At a hearing held by the Senate Banking Committee, Warren noted that the Federal Reserve began designating very large banks as "too-big-to-fail," giving them stronger oversight granted by Congress in the Dodd-Frank act. That bill, drafted in the wake of the 2008 financial crisis, created the Financial Stability Oversight Council, a regulator that can give special scrutiny to banks deemed systemically important -- at the time, those with more than $50 billion in assets.
So why isn't BlackRock (BLK), which oversees 180 times that amount of assets, designated too big to fail?
"If a $9 trillion investment company failed would that likely have a significant impact on our economy?" Warren asked Treasury Secretary Janet Yellen.
Yellen said she believes it's less important to designate a particular company and more important to scrutinize the actions they take. For example, in 2016 and 2017 the FSOC investigated the potential damage caused by massive withdrawals at open-end mutual funds, which forced asset managers to sell off assets, creating fire sales. That very thing happened in March 2020.
"With respect to asset management, rather than focus on designation of companies, I think it's important to focus on an activity like that and consider what the appropriate restrictions are," Yellen said. "It's not obvious to me that designation is the appropriate tool."
Warren was having none of that. Isn't the designation itself what gives the Fed oversight, she shot back? And since BlackRock isn't designated, it doesn't have that additional scrutiny, she noted.
'BlackRock is not a bank'
BlackRock, in response, noted that the money it manages doesn't belong to the company — and two-thirds of its managed assets are slated for retirement savings.

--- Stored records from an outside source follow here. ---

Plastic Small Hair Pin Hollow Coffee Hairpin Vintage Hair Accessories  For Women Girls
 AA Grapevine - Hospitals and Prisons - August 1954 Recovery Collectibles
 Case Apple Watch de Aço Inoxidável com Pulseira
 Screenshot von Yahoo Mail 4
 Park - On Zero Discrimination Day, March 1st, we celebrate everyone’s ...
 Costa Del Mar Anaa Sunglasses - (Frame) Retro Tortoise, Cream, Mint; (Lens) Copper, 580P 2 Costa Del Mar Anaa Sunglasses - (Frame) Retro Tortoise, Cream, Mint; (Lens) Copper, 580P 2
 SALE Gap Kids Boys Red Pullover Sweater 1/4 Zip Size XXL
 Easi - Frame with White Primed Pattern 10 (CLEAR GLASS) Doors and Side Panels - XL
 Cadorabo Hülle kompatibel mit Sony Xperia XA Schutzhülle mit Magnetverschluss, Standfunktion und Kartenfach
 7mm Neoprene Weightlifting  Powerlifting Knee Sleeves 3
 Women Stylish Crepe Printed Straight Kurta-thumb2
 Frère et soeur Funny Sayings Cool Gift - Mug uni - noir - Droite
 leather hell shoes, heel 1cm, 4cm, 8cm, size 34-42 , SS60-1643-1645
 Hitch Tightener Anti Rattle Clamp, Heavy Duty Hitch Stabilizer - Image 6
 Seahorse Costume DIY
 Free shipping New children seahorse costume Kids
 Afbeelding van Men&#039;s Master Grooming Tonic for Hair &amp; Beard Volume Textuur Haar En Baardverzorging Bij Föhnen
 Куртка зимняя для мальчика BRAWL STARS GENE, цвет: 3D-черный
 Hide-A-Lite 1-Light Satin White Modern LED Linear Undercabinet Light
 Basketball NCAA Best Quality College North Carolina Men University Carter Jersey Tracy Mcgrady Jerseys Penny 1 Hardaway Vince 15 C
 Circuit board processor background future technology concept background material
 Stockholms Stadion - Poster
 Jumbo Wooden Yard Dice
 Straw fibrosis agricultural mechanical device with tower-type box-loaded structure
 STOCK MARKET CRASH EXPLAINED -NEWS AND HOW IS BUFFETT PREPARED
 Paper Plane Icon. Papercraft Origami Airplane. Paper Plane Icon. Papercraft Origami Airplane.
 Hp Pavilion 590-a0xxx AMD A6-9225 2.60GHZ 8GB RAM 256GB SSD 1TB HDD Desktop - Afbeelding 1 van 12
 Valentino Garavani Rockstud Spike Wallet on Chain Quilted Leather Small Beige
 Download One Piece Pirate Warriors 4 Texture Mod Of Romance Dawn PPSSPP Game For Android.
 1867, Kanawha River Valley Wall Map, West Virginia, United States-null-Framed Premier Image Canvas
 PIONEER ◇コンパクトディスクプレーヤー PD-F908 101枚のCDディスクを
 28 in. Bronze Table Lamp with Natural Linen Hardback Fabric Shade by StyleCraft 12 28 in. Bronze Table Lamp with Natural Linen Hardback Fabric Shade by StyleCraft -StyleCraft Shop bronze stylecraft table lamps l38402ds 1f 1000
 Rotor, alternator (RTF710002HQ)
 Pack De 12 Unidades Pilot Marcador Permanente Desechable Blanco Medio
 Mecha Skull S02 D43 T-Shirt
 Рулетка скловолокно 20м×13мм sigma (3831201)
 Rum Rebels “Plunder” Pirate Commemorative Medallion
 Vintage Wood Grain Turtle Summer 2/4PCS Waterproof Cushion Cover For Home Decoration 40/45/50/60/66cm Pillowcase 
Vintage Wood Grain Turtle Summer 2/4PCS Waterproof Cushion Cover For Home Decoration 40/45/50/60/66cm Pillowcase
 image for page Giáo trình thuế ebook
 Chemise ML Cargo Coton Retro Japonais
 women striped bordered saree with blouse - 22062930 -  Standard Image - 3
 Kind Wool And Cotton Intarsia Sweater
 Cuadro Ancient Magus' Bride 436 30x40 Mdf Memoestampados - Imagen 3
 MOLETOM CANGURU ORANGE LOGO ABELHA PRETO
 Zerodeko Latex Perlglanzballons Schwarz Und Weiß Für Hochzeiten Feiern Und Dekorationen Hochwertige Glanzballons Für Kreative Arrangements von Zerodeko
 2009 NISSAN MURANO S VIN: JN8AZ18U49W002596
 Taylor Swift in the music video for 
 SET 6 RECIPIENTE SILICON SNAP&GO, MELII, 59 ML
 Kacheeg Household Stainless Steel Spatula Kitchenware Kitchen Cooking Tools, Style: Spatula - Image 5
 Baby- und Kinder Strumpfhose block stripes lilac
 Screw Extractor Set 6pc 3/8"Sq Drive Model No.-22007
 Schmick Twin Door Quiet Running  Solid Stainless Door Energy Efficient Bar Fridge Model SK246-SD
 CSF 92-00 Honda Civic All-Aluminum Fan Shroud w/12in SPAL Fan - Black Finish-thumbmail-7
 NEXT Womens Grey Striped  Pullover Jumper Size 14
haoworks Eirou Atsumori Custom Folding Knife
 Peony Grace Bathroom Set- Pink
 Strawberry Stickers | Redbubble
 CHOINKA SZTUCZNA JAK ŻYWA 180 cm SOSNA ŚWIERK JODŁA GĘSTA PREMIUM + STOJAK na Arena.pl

The company said, however, that it does support regulatory reform.
"Well-functioning capital markets are critical to building a resilient economy that allows more people to experience financial well-being," the company said in a statement. "We support financial regulatory reform that increases transparency, protects investors and facilitates responsible growth."
BlackRock noted that regulators around the world have investigated the asset management industry, concluding that they should be regulated differently from banks.
"BlackRock is not a bank, and as an asset manager, we are a heavily regulated company," it said.
Yet Yellen conceded that she thinks "it's appropriate to designate institutions whose failure would pose a material risk to US financial stability."
So then Warren wanted to know why wouldn't a $9 trillion institution like BlackRock pose a risk if it failed?
Yellen answered only that the FSOC had investigated BlackRock in the past and will continue to do so in the future.
Warren, none too happy with that response, called for more immediate action.
"When the party is going strong, it's the job of the regulators to take away the punchbowl," she said. "My view on this is Congress gave you the tools to monitor the risk and it is important to use them."